* REQUIRED ACTION *
Go through the data and copy each line where the word "Beige" shows up.

* SUPPLIED RECORDS *
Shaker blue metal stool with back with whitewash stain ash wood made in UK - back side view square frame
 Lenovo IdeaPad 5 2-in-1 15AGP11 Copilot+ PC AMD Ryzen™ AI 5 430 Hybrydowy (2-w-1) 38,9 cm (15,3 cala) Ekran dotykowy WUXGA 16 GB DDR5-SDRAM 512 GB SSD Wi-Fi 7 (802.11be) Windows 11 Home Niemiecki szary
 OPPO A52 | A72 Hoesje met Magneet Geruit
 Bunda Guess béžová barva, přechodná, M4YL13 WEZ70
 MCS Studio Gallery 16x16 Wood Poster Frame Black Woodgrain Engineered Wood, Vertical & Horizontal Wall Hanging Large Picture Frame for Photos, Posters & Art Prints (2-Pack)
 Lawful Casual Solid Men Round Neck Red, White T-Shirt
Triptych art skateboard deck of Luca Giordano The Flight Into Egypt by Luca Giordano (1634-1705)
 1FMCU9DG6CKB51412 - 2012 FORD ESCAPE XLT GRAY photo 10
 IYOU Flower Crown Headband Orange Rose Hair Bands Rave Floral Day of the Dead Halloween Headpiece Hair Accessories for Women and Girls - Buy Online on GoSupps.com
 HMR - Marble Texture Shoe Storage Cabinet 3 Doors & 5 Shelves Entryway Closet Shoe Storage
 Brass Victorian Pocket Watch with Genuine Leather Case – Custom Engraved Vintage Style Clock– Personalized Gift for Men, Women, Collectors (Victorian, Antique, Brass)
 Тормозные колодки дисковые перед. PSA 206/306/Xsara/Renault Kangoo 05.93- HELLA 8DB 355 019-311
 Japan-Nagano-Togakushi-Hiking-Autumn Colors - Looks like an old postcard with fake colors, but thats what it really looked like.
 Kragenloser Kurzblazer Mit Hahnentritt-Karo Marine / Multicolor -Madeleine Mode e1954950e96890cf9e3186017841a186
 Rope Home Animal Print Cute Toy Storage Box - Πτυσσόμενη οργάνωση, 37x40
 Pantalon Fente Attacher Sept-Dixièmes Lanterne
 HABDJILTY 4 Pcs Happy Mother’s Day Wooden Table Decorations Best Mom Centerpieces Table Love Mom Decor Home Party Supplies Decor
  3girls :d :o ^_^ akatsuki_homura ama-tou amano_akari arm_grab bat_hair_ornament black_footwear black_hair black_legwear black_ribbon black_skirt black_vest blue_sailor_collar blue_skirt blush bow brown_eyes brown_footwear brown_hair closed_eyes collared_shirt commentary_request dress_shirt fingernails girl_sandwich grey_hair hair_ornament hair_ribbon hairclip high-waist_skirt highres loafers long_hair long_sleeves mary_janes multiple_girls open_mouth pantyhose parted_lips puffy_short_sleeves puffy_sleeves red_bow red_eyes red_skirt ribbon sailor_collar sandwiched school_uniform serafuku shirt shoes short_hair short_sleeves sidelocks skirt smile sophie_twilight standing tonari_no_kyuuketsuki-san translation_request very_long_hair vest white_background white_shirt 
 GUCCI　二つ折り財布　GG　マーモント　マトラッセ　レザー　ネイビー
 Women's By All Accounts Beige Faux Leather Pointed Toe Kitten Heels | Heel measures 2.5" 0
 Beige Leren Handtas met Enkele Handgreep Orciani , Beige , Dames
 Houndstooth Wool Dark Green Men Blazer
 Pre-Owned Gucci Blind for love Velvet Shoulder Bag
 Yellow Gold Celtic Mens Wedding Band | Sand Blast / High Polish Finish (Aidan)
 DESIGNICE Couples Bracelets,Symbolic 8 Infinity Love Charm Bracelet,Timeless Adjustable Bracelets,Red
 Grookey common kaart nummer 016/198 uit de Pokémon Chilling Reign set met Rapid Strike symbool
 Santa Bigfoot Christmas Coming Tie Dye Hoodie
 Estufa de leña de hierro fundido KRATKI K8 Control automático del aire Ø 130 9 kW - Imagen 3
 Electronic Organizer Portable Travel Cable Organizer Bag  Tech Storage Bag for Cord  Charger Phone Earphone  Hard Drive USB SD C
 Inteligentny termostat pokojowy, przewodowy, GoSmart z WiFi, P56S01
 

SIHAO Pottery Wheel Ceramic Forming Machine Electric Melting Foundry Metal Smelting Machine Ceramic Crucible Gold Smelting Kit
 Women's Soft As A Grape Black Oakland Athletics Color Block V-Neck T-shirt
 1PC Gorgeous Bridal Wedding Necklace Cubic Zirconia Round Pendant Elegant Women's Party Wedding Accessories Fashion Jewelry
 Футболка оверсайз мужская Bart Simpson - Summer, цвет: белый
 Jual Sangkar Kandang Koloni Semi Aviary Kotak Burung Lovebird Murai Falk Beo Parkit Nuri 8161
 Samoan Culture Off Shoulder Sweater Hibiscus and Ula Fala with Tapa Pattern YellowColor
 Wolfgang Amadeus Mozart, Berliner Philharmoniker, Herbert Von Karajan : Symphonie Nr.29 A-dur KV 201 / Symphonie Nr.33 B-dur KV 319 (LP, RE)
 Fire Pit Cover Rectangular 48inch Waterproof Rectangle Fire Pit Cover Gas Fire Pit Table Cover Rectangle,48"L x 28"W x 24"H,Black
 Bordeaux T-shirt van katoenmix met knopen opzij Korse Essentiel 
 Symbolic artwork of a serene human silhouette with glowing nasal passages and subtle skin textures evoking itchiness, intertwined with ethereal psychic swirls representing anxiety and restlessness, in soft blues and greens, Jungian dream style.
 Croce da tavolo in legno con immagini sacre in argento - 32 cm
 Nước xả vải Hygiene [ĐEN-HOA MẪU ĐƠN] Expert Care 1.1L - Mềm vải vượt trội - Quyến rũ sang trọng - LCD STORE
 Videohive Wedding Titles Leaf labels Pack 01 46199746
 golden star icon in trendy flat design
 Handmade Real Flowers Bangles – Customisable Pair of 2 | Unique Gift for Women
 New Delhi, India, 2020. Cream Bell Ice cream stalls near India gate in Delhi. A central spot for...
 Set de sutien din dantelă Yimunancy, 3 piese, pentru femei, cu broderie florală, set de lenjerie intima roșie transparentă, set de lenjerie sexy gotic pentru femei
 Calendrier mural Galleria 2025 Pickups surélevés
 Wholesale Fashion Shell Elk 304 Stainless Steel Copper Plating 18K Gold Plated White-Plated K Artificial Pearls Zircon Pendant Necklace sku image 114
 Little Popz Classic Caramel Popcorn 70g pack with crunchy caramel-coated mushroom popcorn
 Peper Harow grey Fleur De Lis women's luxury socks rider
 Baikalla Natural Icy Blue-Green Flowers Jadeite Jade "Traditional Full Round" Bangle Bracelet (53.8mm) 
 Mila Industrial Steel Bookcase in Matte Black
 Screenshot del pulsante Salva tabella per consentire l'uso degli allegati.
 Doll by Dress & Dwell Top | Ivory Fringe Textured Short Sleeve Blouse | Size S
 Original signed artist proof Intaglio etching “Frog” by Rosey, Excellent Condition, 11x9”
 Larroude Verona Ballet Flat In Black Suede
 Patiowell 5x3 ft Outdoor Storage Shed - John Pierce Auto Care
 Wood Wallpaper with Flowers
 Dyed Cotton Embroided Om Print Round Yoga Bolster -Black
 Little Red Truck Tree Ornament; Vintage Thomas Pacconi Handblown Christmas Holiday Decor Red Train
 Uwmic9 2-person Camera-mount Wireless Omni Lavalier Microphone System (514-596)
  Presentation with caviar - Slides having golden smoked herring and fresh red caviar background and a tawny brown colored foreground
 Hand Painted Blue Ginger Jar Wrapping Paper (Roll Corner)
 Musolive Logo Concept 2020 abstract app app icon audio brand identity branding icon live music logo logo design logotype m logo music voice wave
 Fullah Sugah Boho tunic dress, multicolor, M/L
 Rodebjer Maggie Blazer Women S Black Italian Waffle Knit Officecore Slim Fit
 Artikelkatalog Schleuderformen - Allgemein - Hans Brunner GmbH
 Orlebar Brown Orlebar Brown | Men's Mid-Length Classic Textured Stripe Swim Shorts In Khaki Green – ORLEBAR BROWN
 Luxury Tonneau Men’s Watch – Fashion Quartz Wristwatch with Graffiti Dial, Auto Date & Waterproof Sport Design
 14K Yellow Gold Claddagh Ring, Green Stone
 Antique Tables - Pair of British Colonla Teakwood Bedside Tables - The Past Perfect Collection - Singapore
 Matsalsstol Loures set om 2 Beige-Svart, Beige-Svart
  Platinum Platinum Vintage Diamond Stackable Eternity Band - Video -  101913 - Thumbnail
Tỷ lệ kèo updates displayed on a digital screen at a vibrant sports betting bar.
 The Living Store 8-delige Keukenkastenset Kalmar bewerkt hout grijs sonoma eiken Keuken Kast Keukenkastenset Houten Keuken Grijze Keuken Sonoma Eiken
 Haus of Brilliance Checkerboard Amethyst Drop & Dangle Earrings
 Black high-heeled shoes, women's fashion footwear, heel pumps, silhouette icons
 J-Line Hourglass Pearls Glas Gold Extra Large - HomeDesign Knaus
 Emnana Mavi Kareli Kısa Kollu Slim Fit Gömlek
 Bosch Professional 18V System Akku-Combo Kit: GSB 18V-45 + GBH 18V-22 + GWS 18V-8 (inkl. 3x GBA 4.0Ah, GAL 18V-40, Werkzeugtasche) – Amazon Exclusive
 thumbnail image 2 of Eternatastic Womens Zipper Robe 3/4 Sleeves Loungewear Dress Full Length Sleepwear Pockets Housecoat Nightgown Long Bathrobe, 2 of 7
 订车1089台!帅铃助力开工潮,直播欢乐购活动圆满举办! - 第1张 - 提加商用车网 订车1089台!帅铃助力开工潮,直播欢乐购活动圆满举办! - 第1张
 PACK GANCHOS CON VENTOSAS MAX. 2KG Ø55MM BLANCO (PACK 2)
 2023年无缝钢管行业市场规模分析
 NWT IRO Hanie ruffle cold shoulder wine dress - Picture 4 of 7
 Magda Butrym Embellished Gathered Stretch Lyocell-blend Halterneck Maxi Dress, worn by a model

* ANSWER *
 Women's By All Accounts Beige Faux Leather Pointed Toe Kitten Heels | Heel measures 2.5" 0
 Beige Leren Handtas met Enkele Handgreep Orciani , Beige , Dames
 Matsalsstol Loures set om 2 Beige-Svart, Beige-Svart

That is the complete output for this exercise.